#### Task prompt
Repeat the records below verbatim and include no pictures.

■ ■ ■ ■ ■ ■ ■

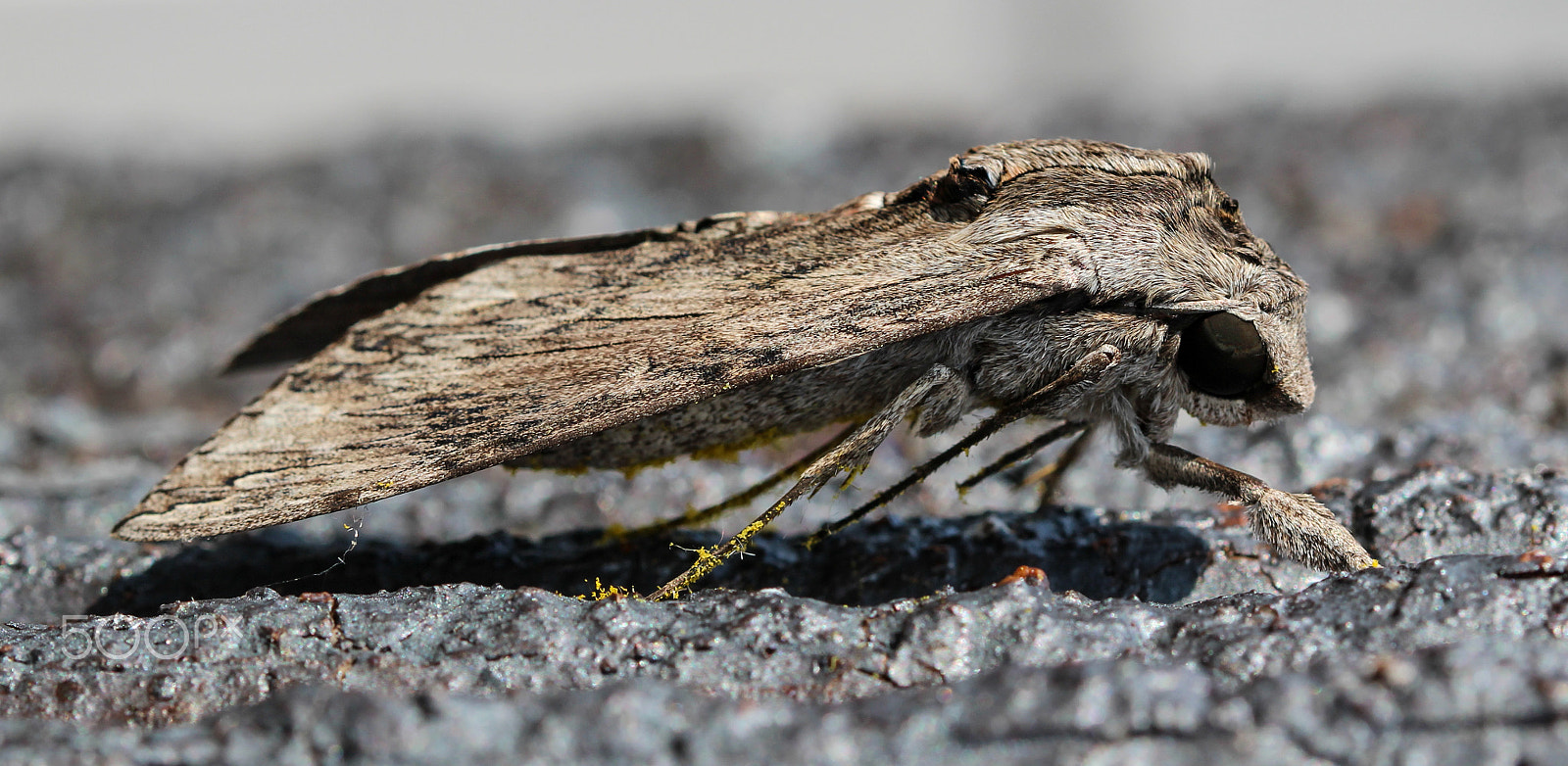 Sigma 105mm F2.8 EX DG OS HSM sample photo. Full body photography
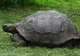 Descoperire fascinanta făcută de cercetători 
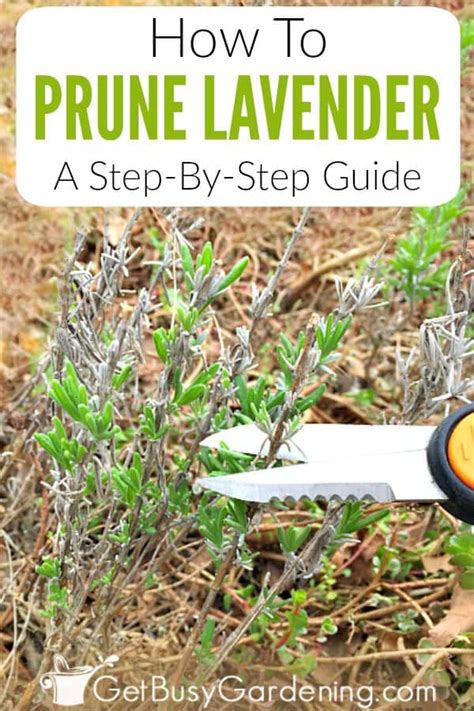 Pruning Lavender: A Step-By-Step Guide - Get Busy Gardening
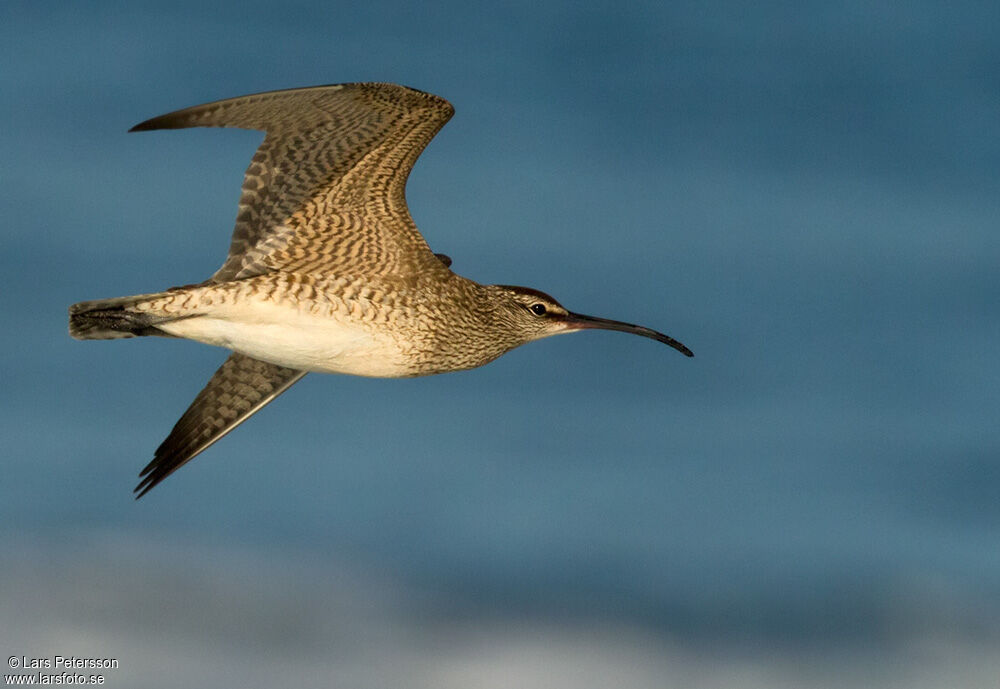 Hudsonian Whimbrel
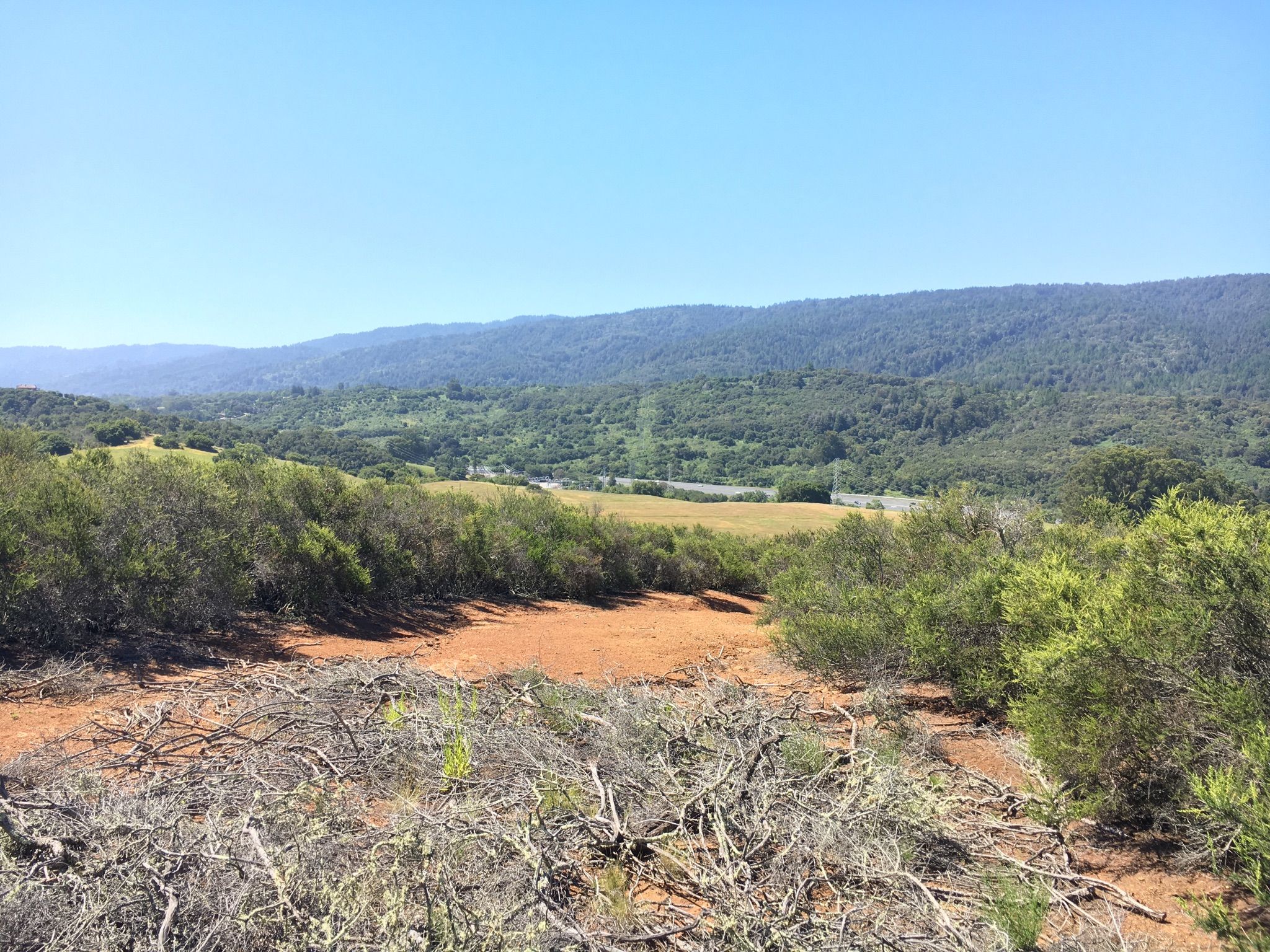 Expansive view of green hills, trees, and an open field. - Lower Kings Mountain Road – Kings Mountain Road loop from Pulgas Ridge Open Space Preserve
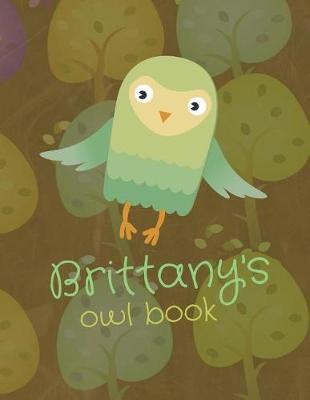 Book cover for Brittany's Owl Book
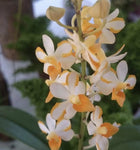 Phalaenopsis pulcherrima coerulea x Vanda miniatum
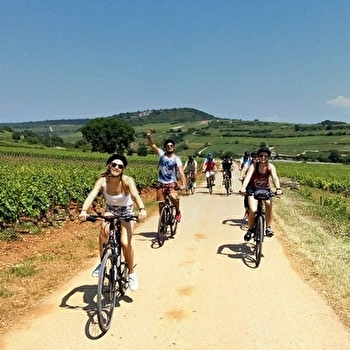 Chateau Vélo Vino en Côte de Nuits - DIJON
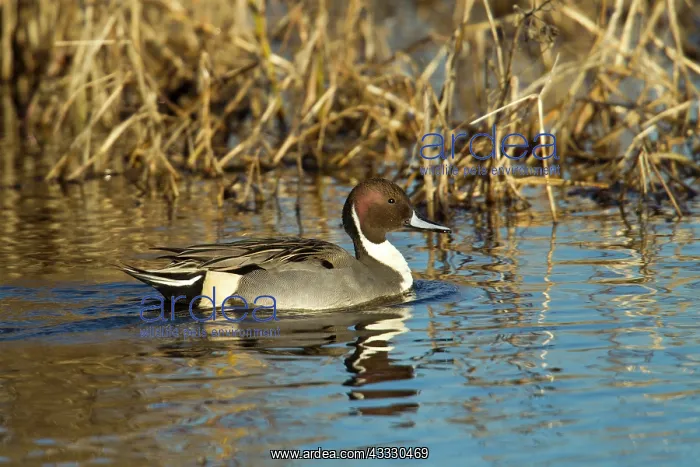 : Northern Pintail : Northern Pintail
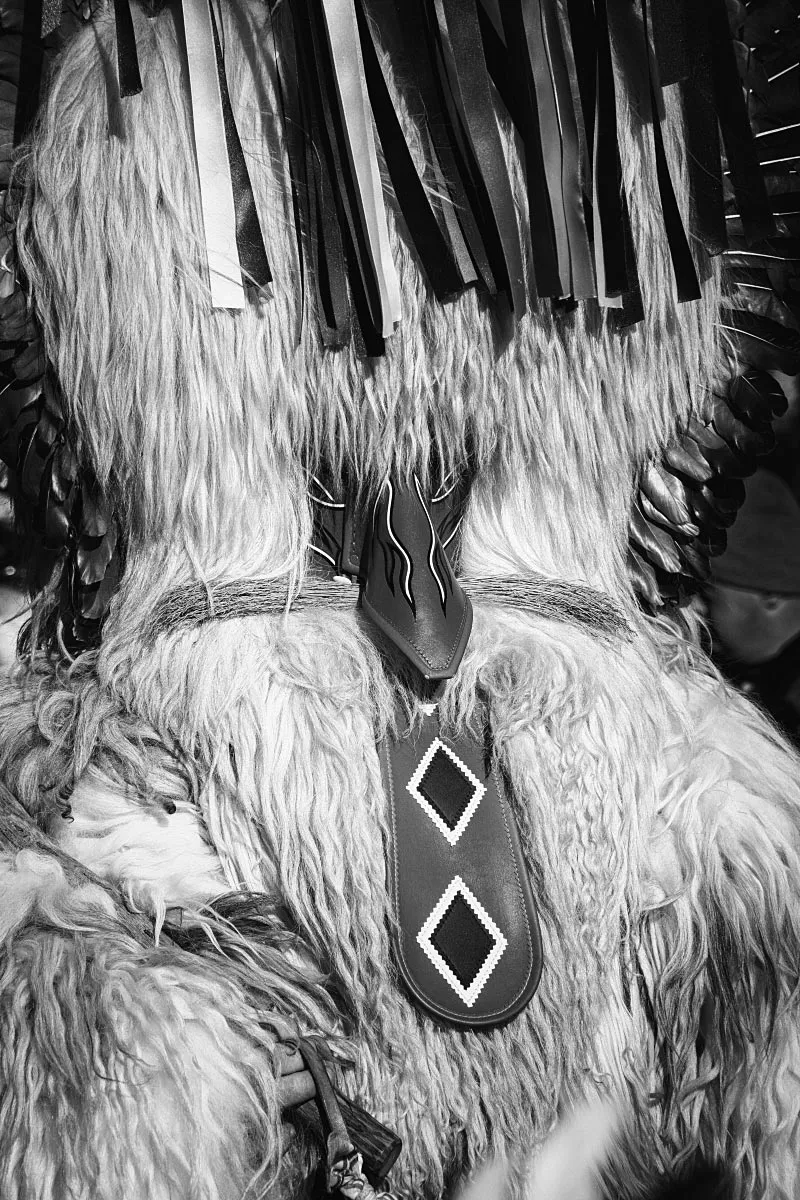 DSC04043-1-cb-1200.jpg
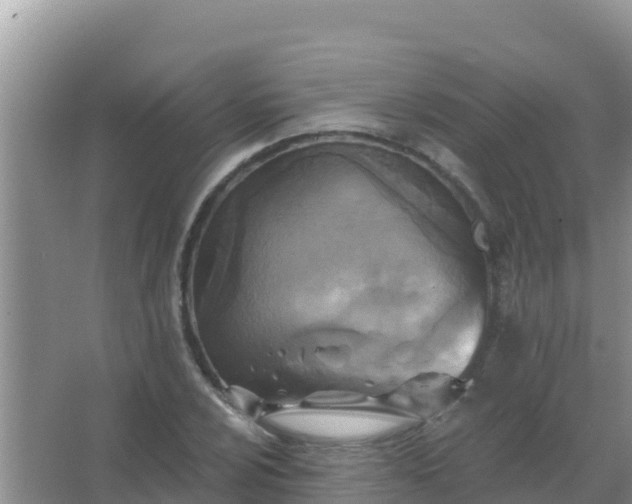 X0000067491024200604150036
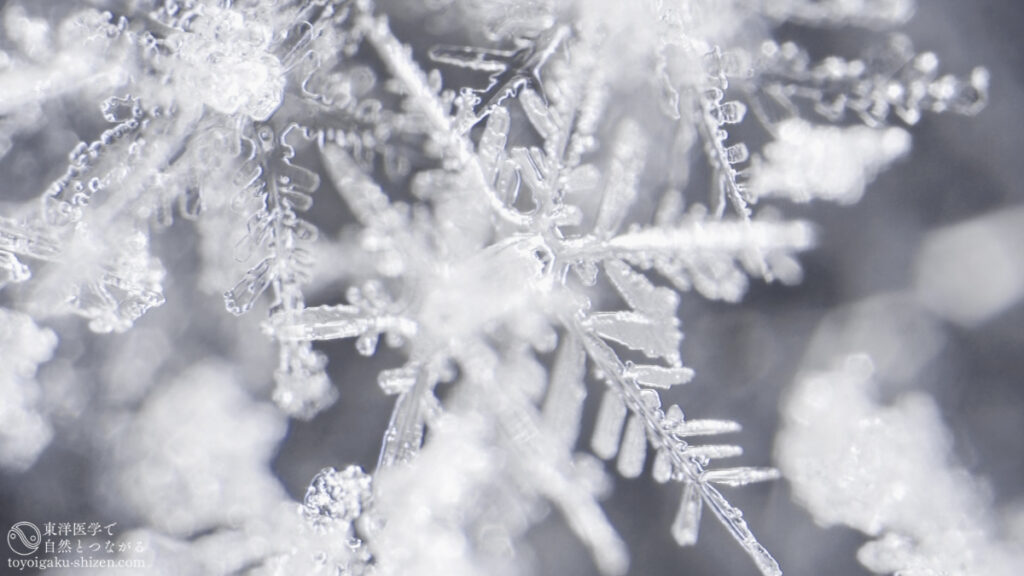 二十四節気「雨水」のイメージ。雪の結晶。結晶のすき間に多くの酸素が含まれている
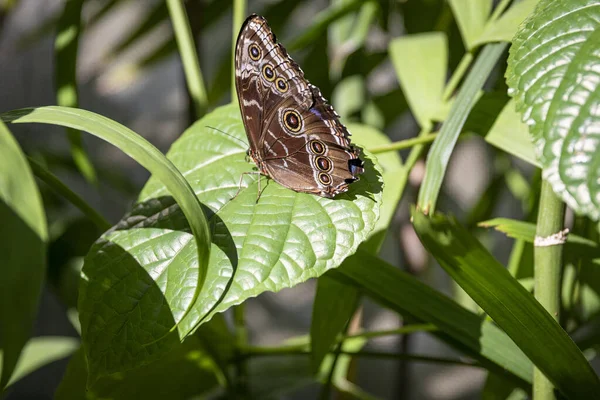 Коричневая Бабочка Зеленом Листе Цветка — стоковое фото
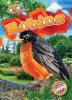 Book cover for "Robins".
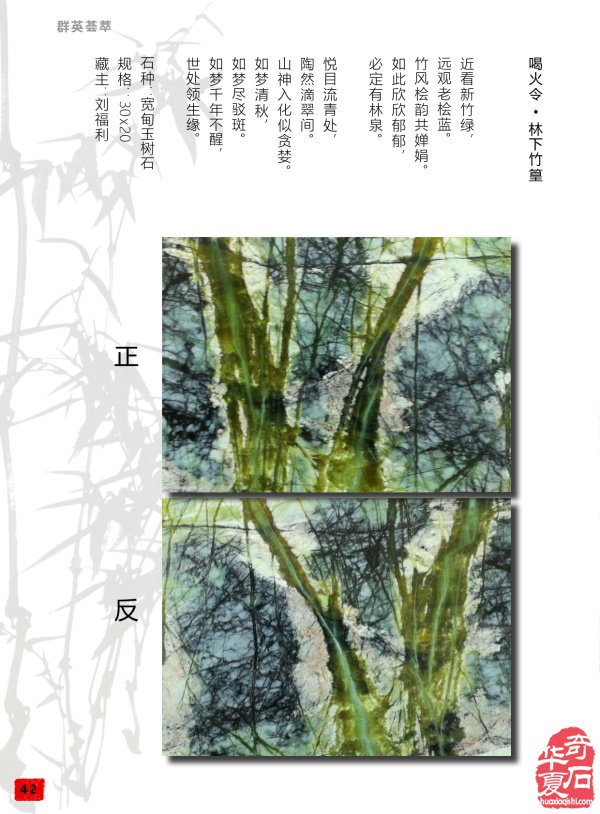 《于公賞石》為石友提供石界精彩信息 圖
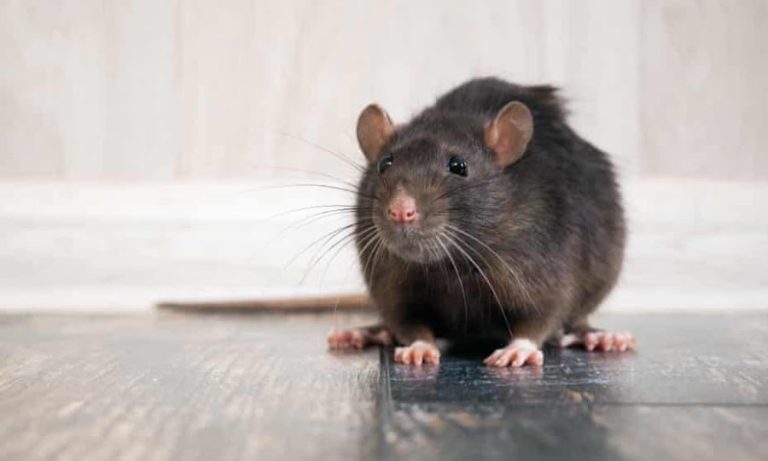 Complete Pest Control Cork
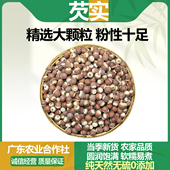 精选大粒芡实干货正品 中药材特级无硫新货茨实欠实煲粥煲汤材料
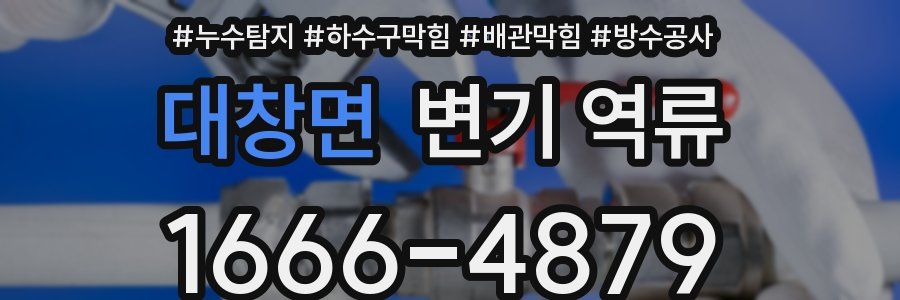 대창면 변기 역류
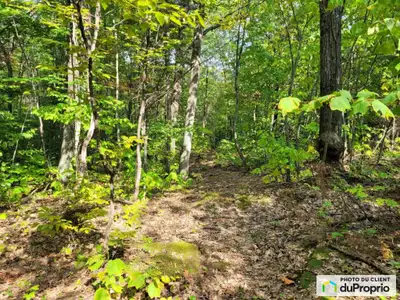 Sainte-Sophie Grand terrain boisé (arbres matures) situé à Sainte-Sophie à 11 minutes de l'autoroute...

■ ■ ■ ■ ■ ■ ■

#### Answer area
 Sigma 105mm F2.8 EX DG OS HSM sample photo. Full body photography
 Descoperire fascinanta făcută de cercetători 
 Pruning Lavender: A Step-By-Step Guide - Get Busy Gardening
 Hudsonian Whimbrel
 Expansive view of green hills, trees, and an open field. - Lower Kings Mountain Road – Kings Mountain Road loop from Pulgas Ridge Open Space Preserve
 Book cover for Brittany's Owl Book
 Phalaenopsis pulcherrima coerulea x Vanda miniatum
 Chateau Vélo Vino en Côte de Nuits - DIJON
 : Northern Pintail : Northern Pintail
 DSC04043-1-cb-1200.jpg
 X0000067491024200604150036
 二十四節気「雨水」のイメージ。雪の結晶。結晶のすき間に多くの酸素が含まれている
 Коричневая Бабочка Зеленом Листе Цветка — стоковое фото
 Book cover for "Robins".
 《于公賞石》為石友提供石界精彩信息 圖
 Complete Pest Control Cork
 精选大粒芡实干货正品 中药材特级无硫新货茨实欠实煲粥煲汤材料
 대창면 변기 역류
 Sainte-Sophie Grand terrain boisé (arbres matures) situé à Sainte-Sophie à 11 minutes de l'autoroute...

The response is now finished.